Qualunque sia la lana utilizzata, una volta tosata dev’essere sottoposta ad un lavaggio che ne tolga le impurità senza essere però troppo aggressivo per non togliere alla fibra la giusta quantità del grasso che la rende morbida. Dopo l’asciugatura, possibilmente al sole, si procede alla cardatura ed infine alla filatura.

In alcuni villaggi e presso le popolazioni nomadi, la cardatura viene ancora effettuata a mano secondo le tecniche tramandate da centinaia di anni. E’ un’operazione fondamentale per aprire e districare i fiocchi di lana eliminandone nodi, ingrossature e impurità e, a differenza della 

pettinatura, questo sistema utilizza le fibre corte che producono un filato più voluminoso adatto alla manifattura di tappeti essendo più morbido, voluminoso e caldo.

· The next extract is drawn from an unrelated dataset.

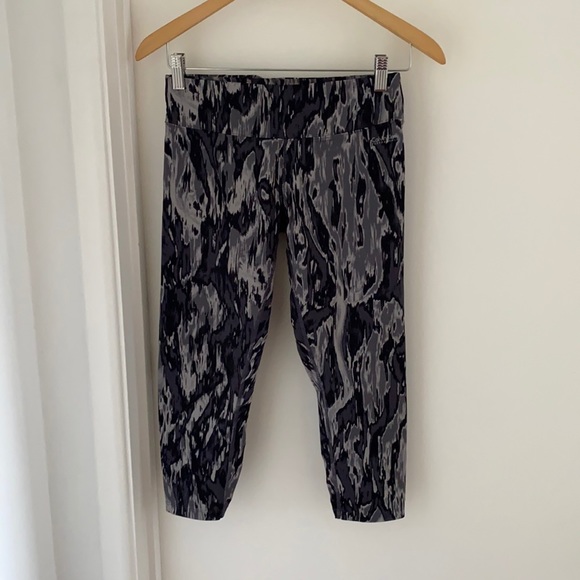 Calvin Klein Womens Gym Running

La successiva filatura procede con diversa intensità a seconda dell’utilizzo che si dovrà fare del filato finito, vale a dire se sarà utilizzato per il vello oppure per la trama o per l’ordito. Come per la cardatura, anche la filatura nei centri maggiori di produzione è realizzata a macchina mentre nelle aree più remote e presso le popolazioni nomadi è a tutt’oggi eseguita a mano o, addirittura, in alcune tribù, con il fuso tradizionale.